Her work with the circus and as a model inspired von Unwerth to step behind the camera and translate her experiences into erotically charged, theatrical photographs. “Ellen’s idea of women both embracing their sexuality and their feminine beauty has become her signature style,” says gallery owner David Fahey. “Ellen understands that by simply being a female photographer, she can extract a different kind of erotically charged image.”

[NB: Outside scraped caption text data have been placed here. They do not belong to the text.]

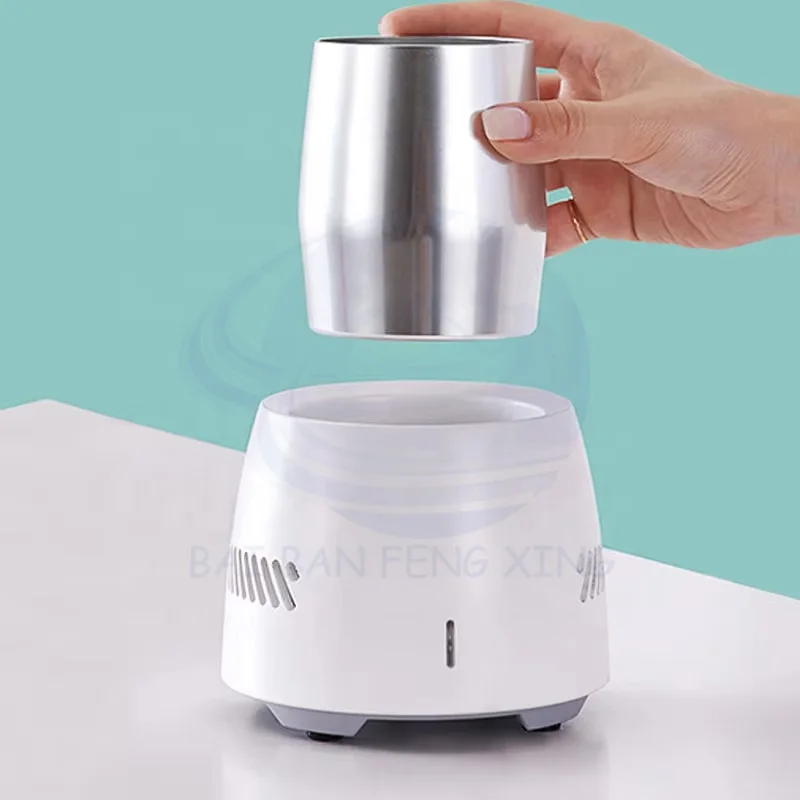 Rapid Cooling Cup Extreme Ice Chiller Car Small Refrigerator Desktop Electronic Cooler Rapid Cooling Cup 5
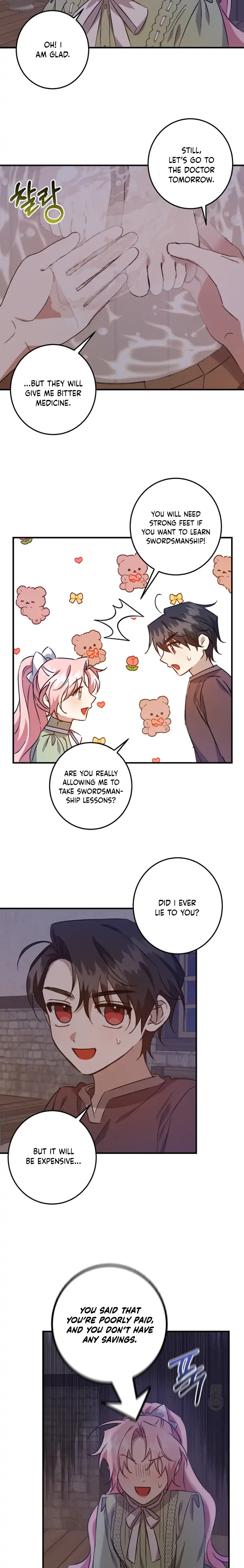 I Raised the Villains Preciously Chapter 18 - page 5
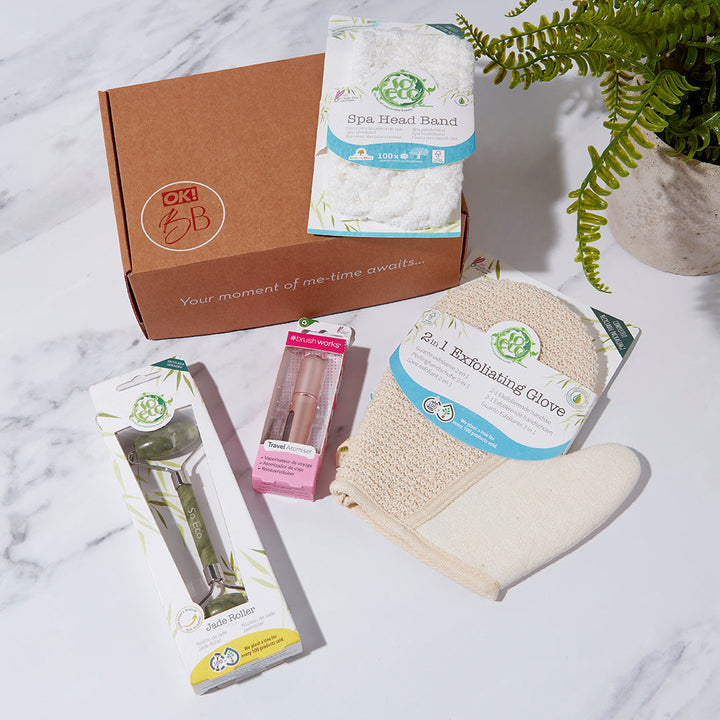 The Beauty Tool Kit (Worth £32)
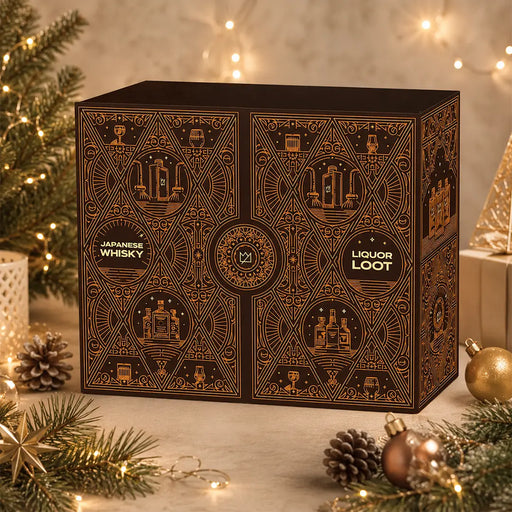 Order Japanese Whisky Advent Calendar 2026 - Just Wines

Sokolsky first encountered fashion photography as a teenager on the streets of New York, where he’d wander from the Lower East Side to midtown capturing images of high-society women. “I found myself attracted to beautiful upper-class women whose body language and clothes were foreign to me,” Sokolsky explained. Sokolsky’s images weave memorable stories to which scores of photographers have paid homage, most notably the artist’s “Fly” and “Bubble” series for Harper’s Bazaar in the early 1960s. Sokolsky’s whimsical fantasy amounted to models suspended above the River Seine in giant translucent orbs. “Melvin has told us about his encounters with the French police while making these photographs,” Fahey said. Sokolsy’s nonconformity even delighted Diana Vreeland in 1960, who found the artist’s location choice of a ruined tenement provocative and convinced Harper’s Bazaar to publish the photographs, despite an editor’s remark that the average reader would not identify with “a hovel.”For both artists, the distinctions between fashion photography for editorial, commercial, and artistic ends are largely insignificant. “When you have all the freedom to show what you want, it is art,” von Unwerth says. “For advertising, you have to find the balance between your style and the product. That’s also art in a way, no?”

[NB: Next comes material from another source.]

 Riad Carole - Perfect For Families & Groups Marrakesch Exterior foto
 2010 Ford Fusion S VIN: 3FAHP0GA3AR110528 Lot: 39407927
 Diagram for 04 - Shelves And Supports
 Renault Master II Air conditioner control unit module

Sokolsky’s perspective on what constitutes art within fashion photography is even more democratic. “All images are fashion. Even nudes are about fashion,” he said. “I had a student who was looking at a nude I shot and said ‘That’s a ’90s picture.’ I asked how she knew. ‘The way her pubes are trimmed.'” Their inclusive views of the art form, paired with their unflinchingly bold creative decisions, have landed von Unwerth and Sokolsky in the realm of photographic royalty.
The tandem at Fahey/Klein coincides with recent book releases from each. Sokolsky’s Paris 1963/Paris 1965 is an overview of the artist’s most iconic work; the trade edition from Taschen of von Unwerth’s Fraulein (Taschen), a collection of images of the modern era’s sexiest female icons, is also now available.
ELLEN VON UNWERTH’S AND MELVIN SOKOLSKY’S WORK IS AT FAHEY/KLEIN THROUGH NOV. 26.